The sonic quality is better than I’ve ever heard the album sound. Sure, Ozzy, Tony, and Geezer sound great, but what really got to me was Bill Ward’s drums. The cymbals in War Pigs and their placement made me chuckle a little because they sounded so good. The rest of his kit blew me away as he railed on it throughout the track. In my opinion, he is the start of War Pigs. Prior to hearing this Quadio release, I would’ve never said that or even thought anyone would say that. So enjoyable!
More Quadio Please
Similar to many immersive releases, these Quadio albums turned me on to music I’d never have listened to previously. I’ve heard of Gordon Lightfoot, Spinners, and Jefferson Starship obviously, but time is precious and I wouldn’t have spent it on listening to them. Until now. The excellent sound quality, high dynamic range, and engaging Quadio mixes on the albums makes for an incredibly enjoyable experience.

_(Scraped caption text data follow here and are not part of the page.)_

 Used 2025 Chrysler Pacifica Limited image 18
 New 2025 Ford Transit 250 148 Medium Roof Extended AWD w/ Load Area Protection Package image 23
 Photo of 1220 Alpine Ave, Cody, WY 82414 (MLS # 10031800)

Quadio releases in 2023 included:
Alice Cooper - Billion Dollar Babies
America - Holiday
Charles Mingues - Mingues Moves
J. Geils Band - Nightmares
Black Sabbath - Paranoid
Jefferson Starship - Red Octopus
Spinners - Spinners
Gordon Lightfoot - Sundown
Releases in 2024 (sor far):
Randy Newman - Good Old Boys (Jan 19th)
War - The World Is A Ghetto (Jan 19th)
Average White Band - AWB (Jan 19th)
Gil Evans - Svengali (Jan 19th)
Check out the Rhino Quadio page for more information - Rhino Quadio
Quadio Wrap Up
Rhino baking fifty year old tapes to bring them back to life and produce fantastic high resolution quad releases, wasn’t on my bingo card a couple years ago. As of a few months ago, listening to quad releases wasn’t on my bingo card either. Fortunately the releases kept coming and I finally took the chance on something many of my audiophile friends had already known and loved. I didn’t listen to naysayers who said quad’s ship had sailed nor did I listen to those saying it was fantastic. I just want to make up my own mind, independent of external influences and I’m so very happy I jumped into quad, and that Rhino is delivering Quadio releases on Blu-ray. This isn’t just a search for out of print titles, it’s a real thing happening now and I love it.